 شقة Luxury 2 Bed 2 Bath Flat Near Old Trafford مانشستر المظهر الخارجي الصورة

==

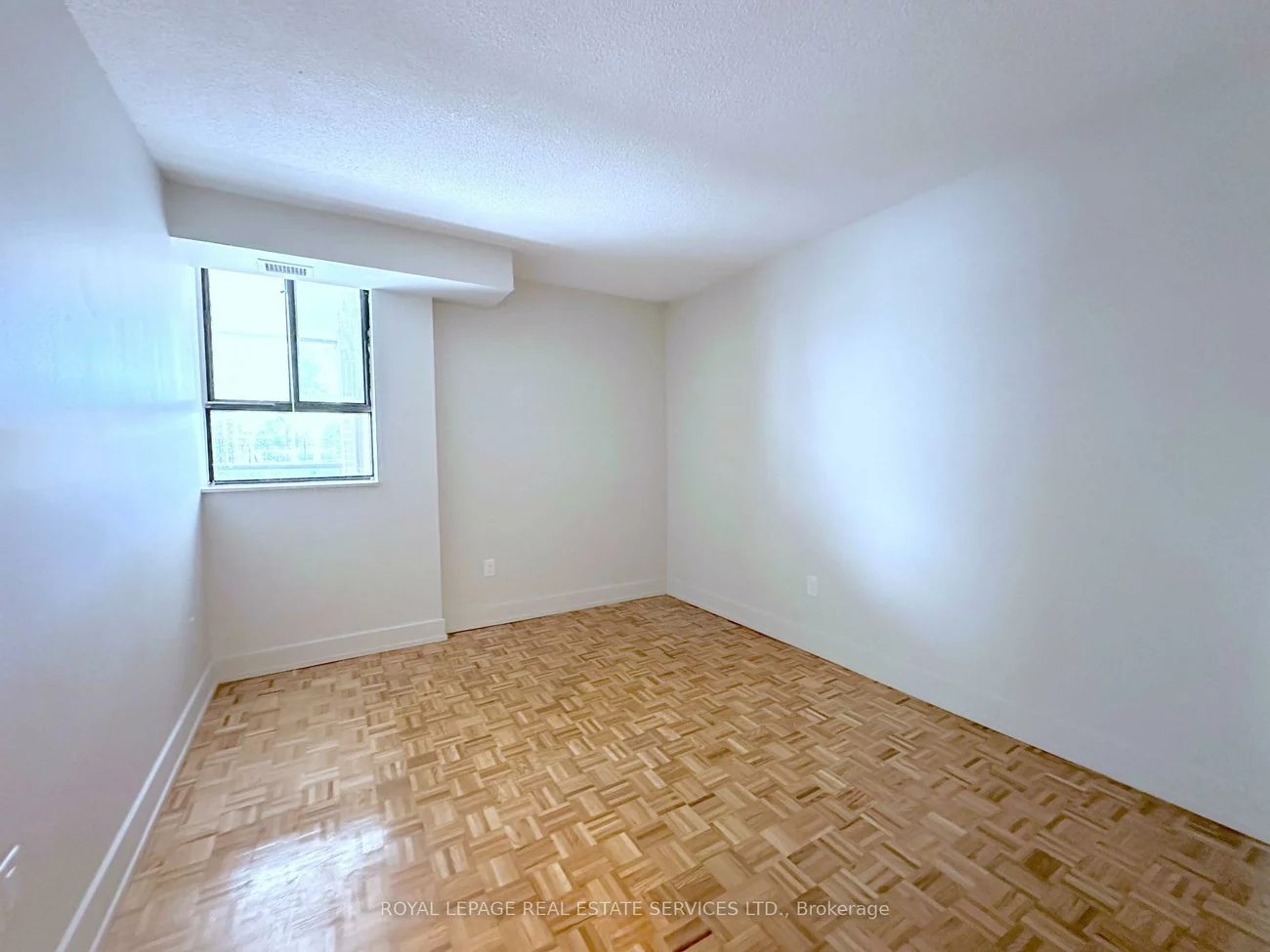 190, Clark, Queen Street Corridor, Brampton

==

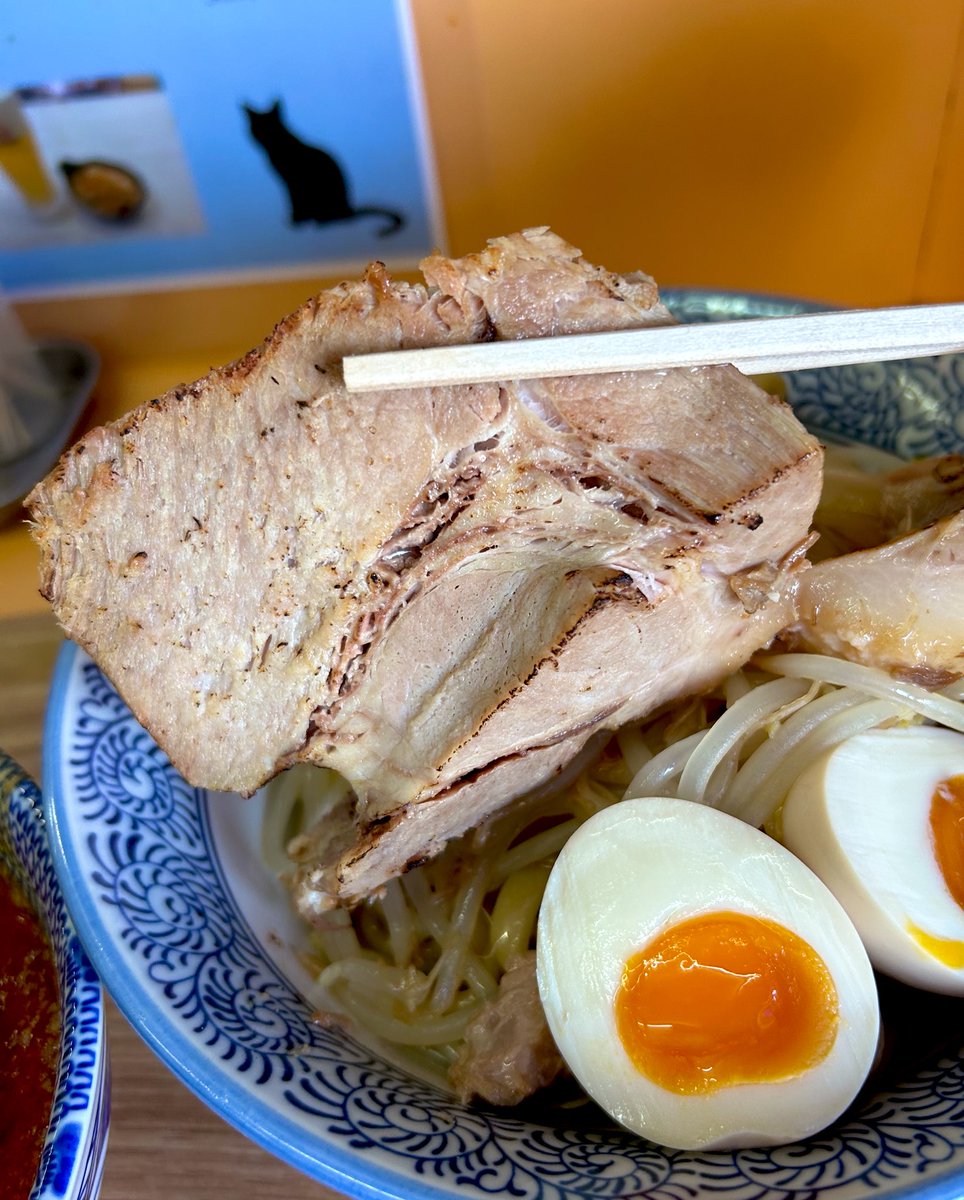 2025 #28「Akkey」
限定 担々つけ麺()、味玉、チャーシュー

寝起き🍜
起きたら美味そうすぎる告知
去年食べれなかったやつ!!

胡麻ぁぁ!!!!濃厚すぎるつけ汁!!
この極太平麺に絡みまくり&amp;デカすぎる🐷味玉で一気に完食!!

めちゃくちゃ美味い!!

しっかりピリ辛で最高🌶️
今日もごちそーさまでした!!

__What to produce__
Using the entries above, transcribe exactly from the line that has "2025 #28「Akkey」" through the line that has "今日もごちそーさまでした!!". Pictures are dropped.

__Written solution__
 2025 #28「Akkey」
限定 担々つけ麺()、味玉、チャーシュー

寝起き🍜
起きたら美味そうすぎる告知
去年食べれなかったやつ!!

胡麻ぁぁ!!!!濃厚すぎるつけ汁!!
この極太平麺に絡みまくり&amp;デカすぎる🐷味玉で一気に完食!!

めちゃくちゃ美味い!!

しっかりピリ辛で最高🌶️
今日もごちそーさまでした!!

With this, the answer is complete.